▶ DATASET RECORDS
■ ■ ■ ■

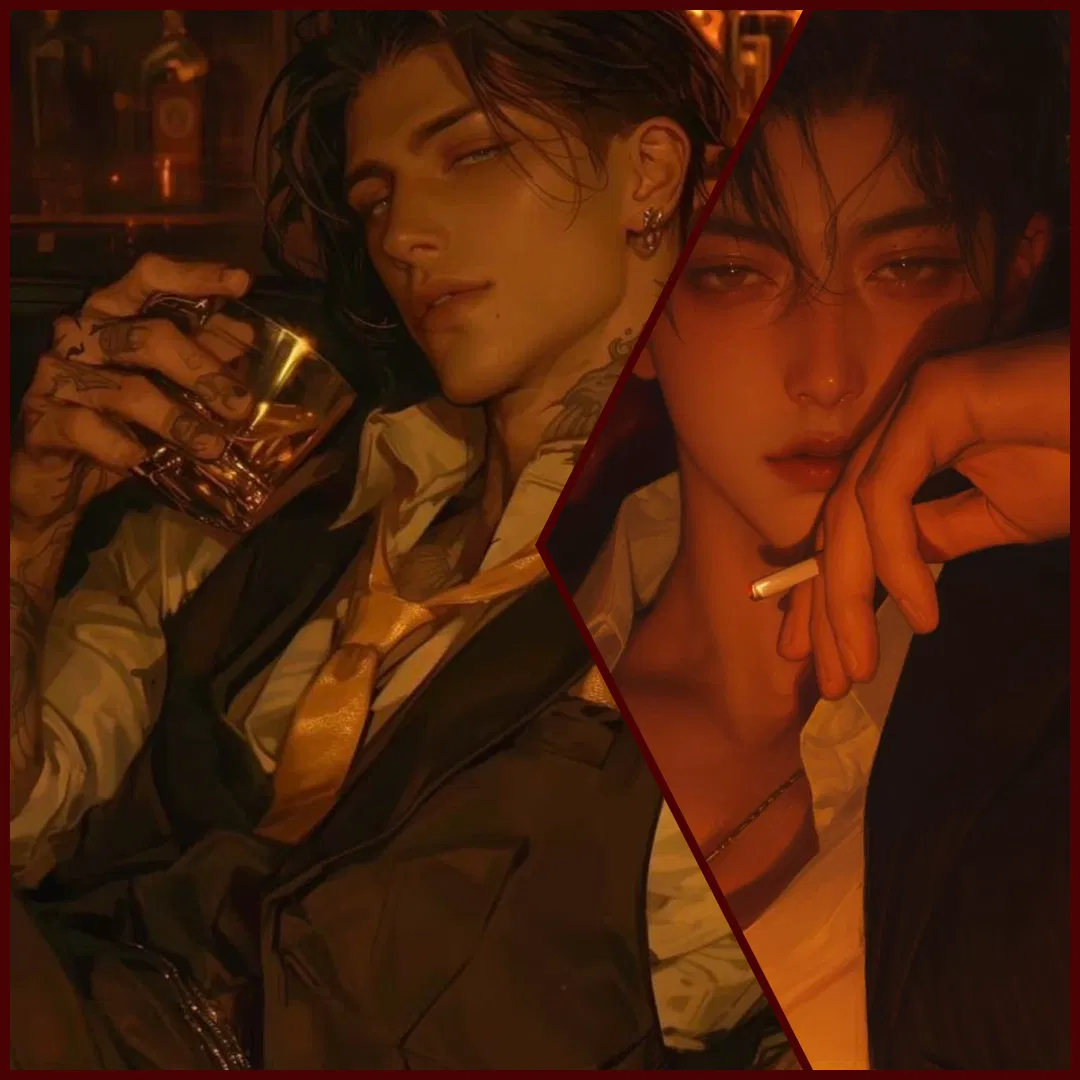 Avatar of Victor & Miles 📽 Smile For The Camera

■ ■ ■ ■

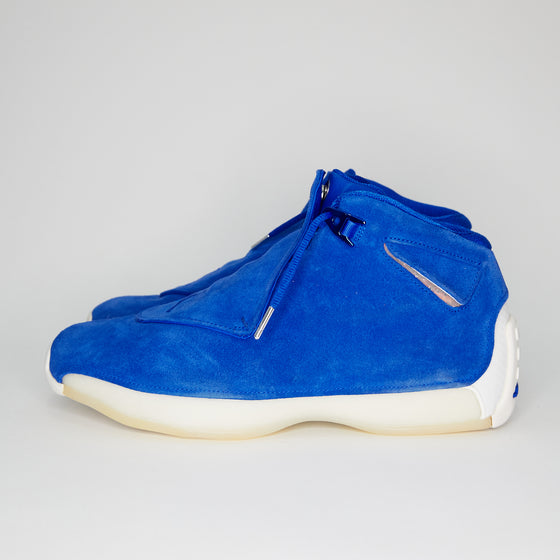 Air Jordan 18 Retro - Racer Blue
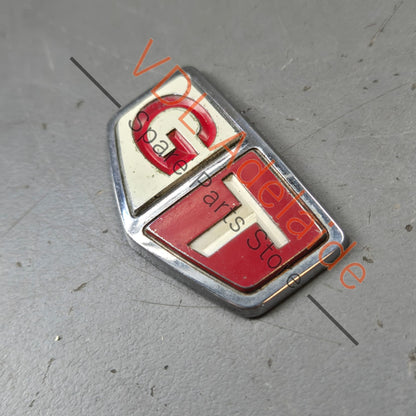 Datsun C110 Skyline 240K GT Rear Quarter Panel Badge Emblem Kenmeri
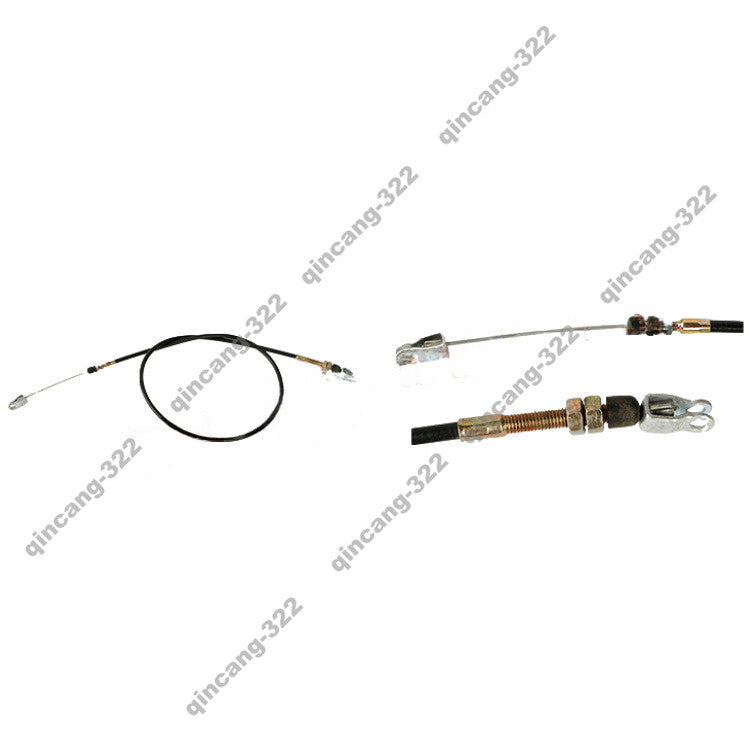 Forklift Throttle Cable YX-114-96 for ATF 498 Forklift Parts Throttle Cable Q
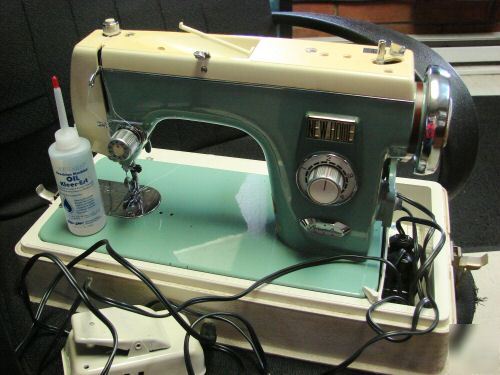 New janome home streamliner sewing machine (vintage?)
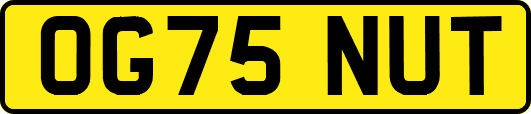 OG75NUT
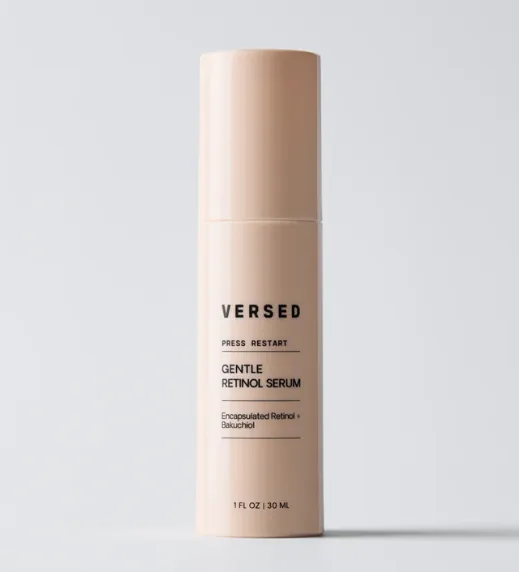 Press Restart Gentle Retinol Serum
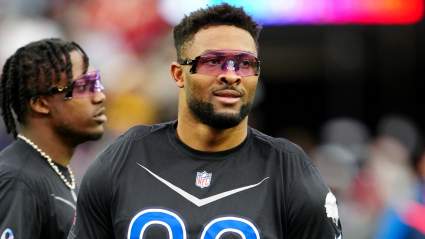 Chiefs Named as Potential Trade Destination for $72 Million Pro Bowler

■ ■ ■ ■

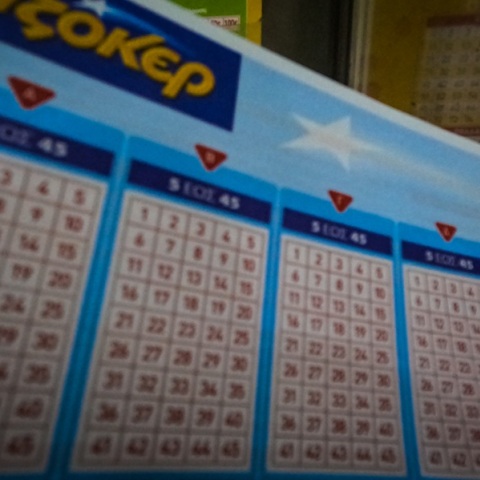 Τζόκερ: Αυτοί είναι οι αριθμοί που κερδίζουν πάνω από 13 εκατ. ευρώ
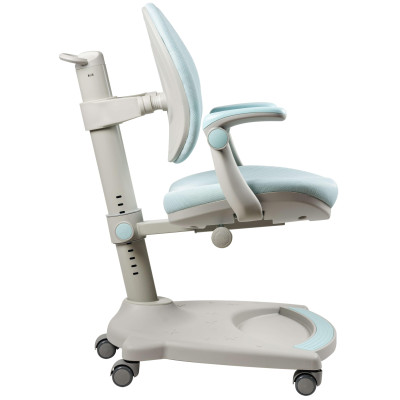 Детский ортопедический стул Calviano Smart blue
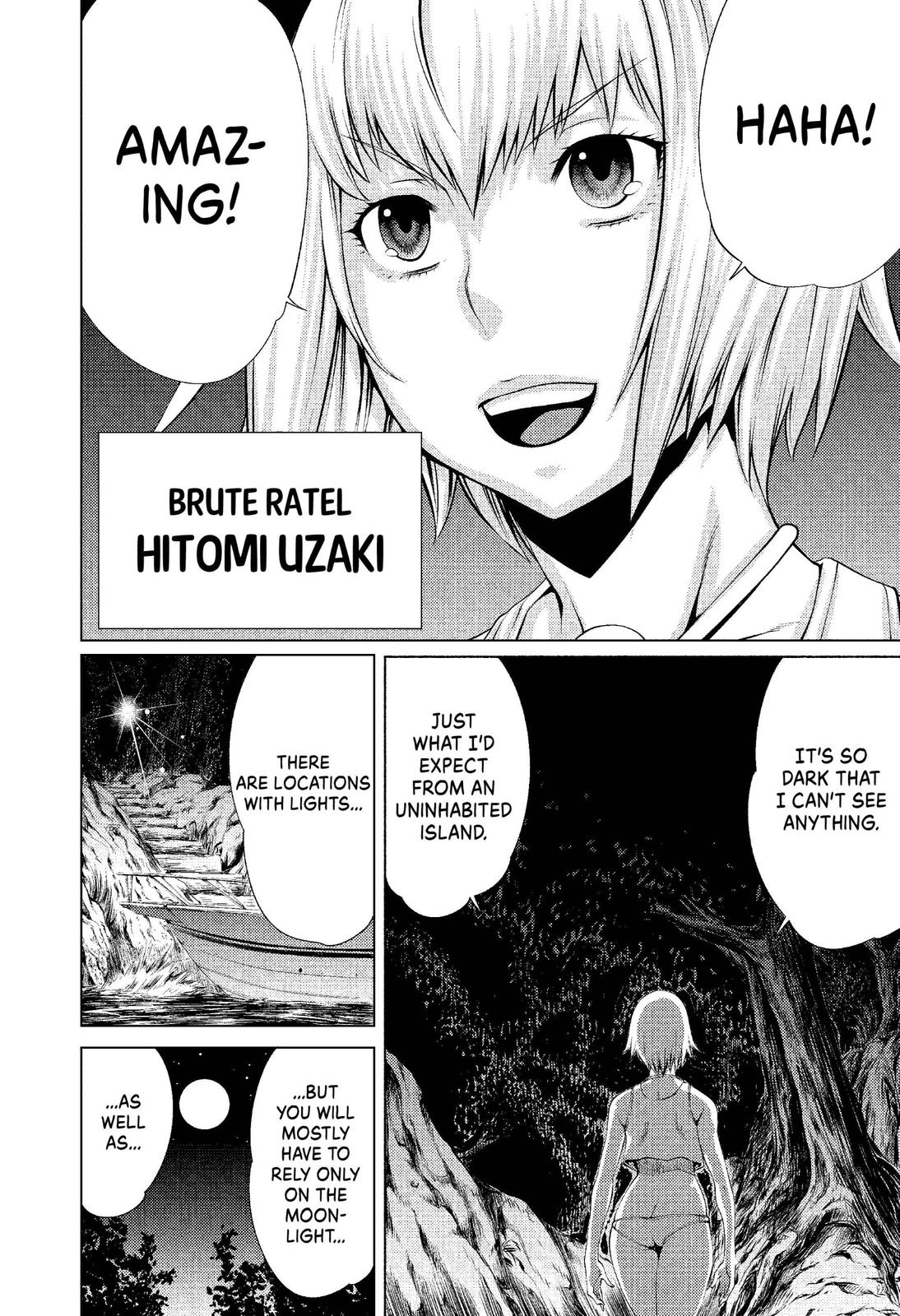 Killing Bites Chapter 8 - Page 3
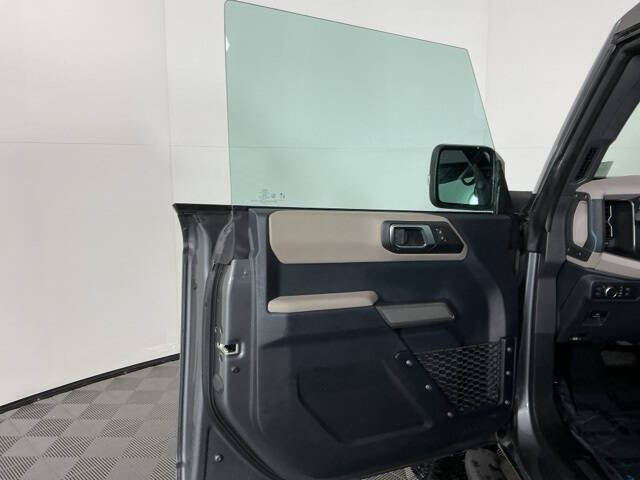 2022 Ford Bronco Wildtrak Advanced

■ ■ ■ ■

▶ TRY IT
Take the material above from the line bearing "Детский ортопедический стул" through the line bearing "2022 Ford Bronco Wildtrak Advanced" and write it out exactly, both end lines included. Pictures stay out.

▶ YOUR RESPONSE
 Детский ортопедический стул Calviano Smart blue
 Killing Bites Chapter 8 - Page 3
 2022 Ford Bronco Wildtrak Advanced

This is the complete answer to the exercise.